[I do not have time to read all of the 224 pages (now), and you know that I really do want to.]
There was a live report on the release this morning. I caught just a bit before I had to run to class, notably, someone asked about short fall nutrients. If you remember from my previous FOP posts, the Phase 1 report had made recommendations on what items to include on the label - just not how to do so. The person asking that question was referred to the first report (where it is decided to only address the items that we are encouraged to limit).
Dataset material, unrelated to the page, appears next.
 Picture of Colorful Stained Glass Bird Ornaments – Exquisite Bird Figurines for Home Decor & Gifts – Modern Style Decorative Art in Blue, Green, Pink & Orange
The speakers did reiterate their desire to align the system with the DGA 2010 and with the NFP.
If this is the first you've read about this - I suggest you click on the hyperlink above as I have detailed this initiative in several past posts.
Ok - here is the bottom line as I understand it from first and brief glance.
The recommendation that the IOM is giving to the FDA for final rule is this:
* Items to highlight
- Saturated and Trans fat
- Calories (per household serving size - i.e. 1/2 cup)
- Added Sugars <<
- pretty much everything (snacks, cereals, dairy, breads. packaged foods, meats - everything)
- bulk foods and produce will have shelf tags (instead of a FOP label)
- They did not choose the multiple traffic light,however the proposed label has three circles and each circle may receive a check (see below)
- Each item (combined trans/sat fat, sodium, sugar) has a set criteria of the maximum amount a serving can have and be considered healthy (I haven't read the qualifiers yet). For trans fat it is usually zero. Anyways, if it meets the BEST category it gets a point or check - if it does not, it gets a zero. In the food category of cereal for example, the choices with 3 checks or 3 points will be healthier than a cereal with 2, 1, or zero.
I am very excited that we are making progress - as you know, I get very frustrated at the lack of consistent and complete, nutrient transparency when I am shopping.